Saint-Brevin-les-Pins, France

Serpent D'Océan

An aluminum skeleton brings Chinese mythology to the French shore. 

Stuck in a perpetual state of decay on the French shore at Saint-Brevin-les-Pins, this massive metal sculpture is a terrifying vision with an environmental message. The beast is posed in slithering movement despite being nothing more than bones, giving the dull metal frame an unsettlingly lifelike quality.

Entitled Serpent D’Océan, the skeletal sea serpent was unveiled in 2012 as part of the Estuaire art exhibition which invites international artists to create large-scale works using the environment surrounding the Loire River between Nantes to Saint-Nazaire.

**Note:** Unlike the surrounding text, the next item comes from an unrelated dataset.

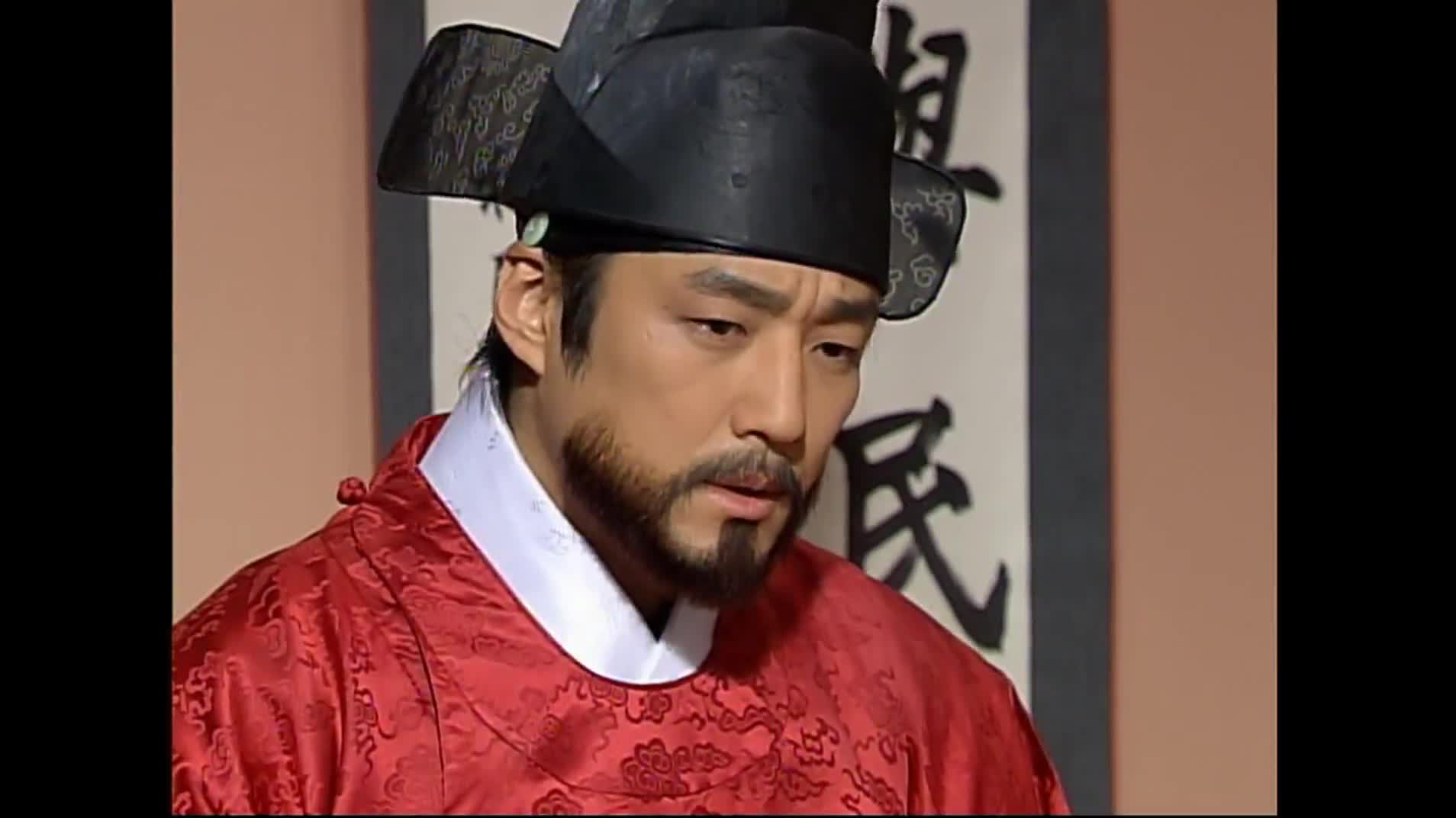 Dae Jang Geum แดจังกึม จอมนางแห่งวังหลวง EP52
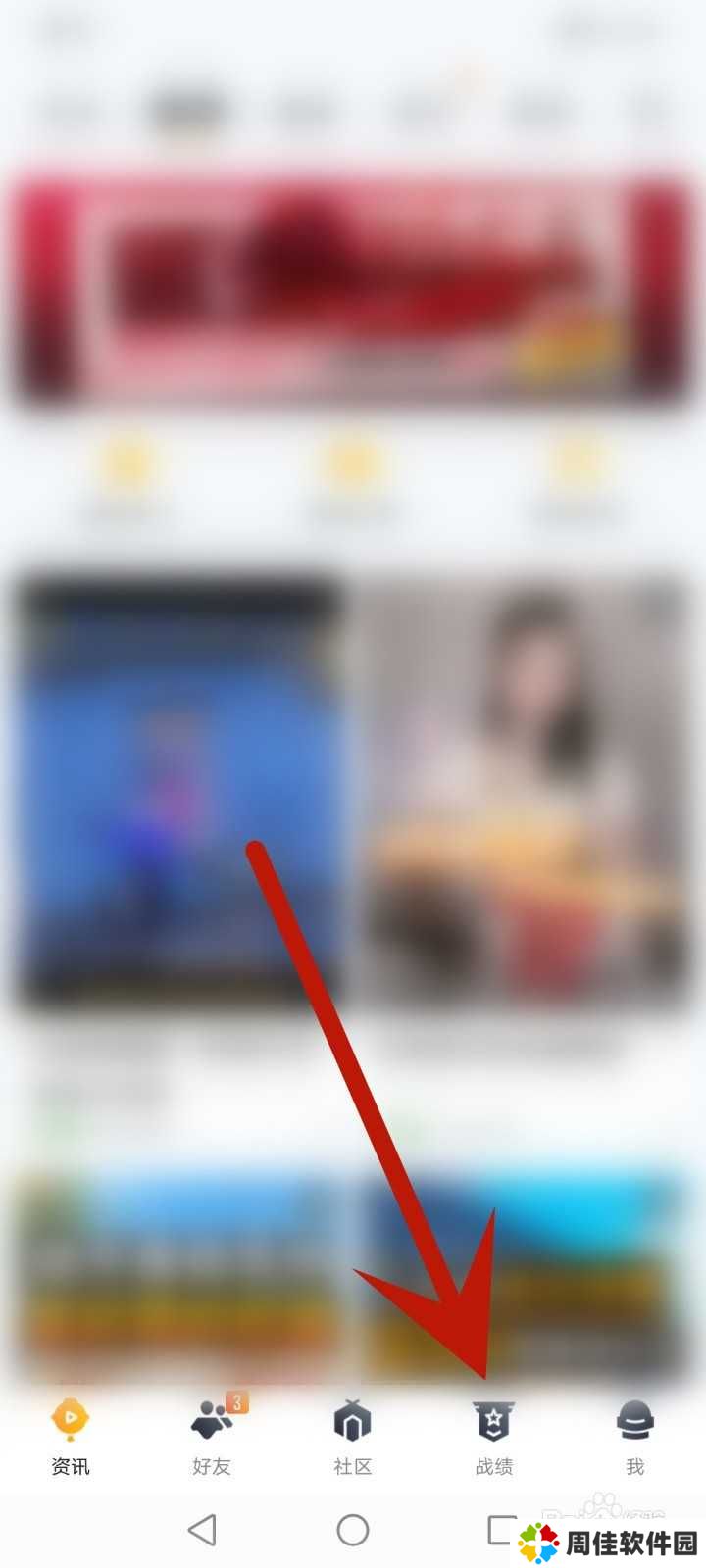 和平营地怎么看自己的皮肤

The work was created by Chinese-French artist Huang Yong Ping, who used the rough iconography of China’s mythological dragons to design the 400-foot-long art monster. 

The message behind the piece seems to be one of environmental nostalgia, as though man’s mistreatment of the oceans is killing not only its life, but its very wonder and fantasy. The serpent’s curves roughly mirror the twists and turns of the nearby Saint-Nazaire bridge linking the piece to the very modern progress it seems to be speaking on. However, the work is read, the aspect that is without debate is the menace projected by the fearfully undead snake.

Given its location on the shore, the Serpent D’Océan can be seen as a strangely living creature rising from the ocean waters or a purposefully preserved skeleton held above the shallow waves depending on the level of the tide upon a given visit. But despite the changing tides, fantasy, art, and horror have rarely been so steadfastly intertwined.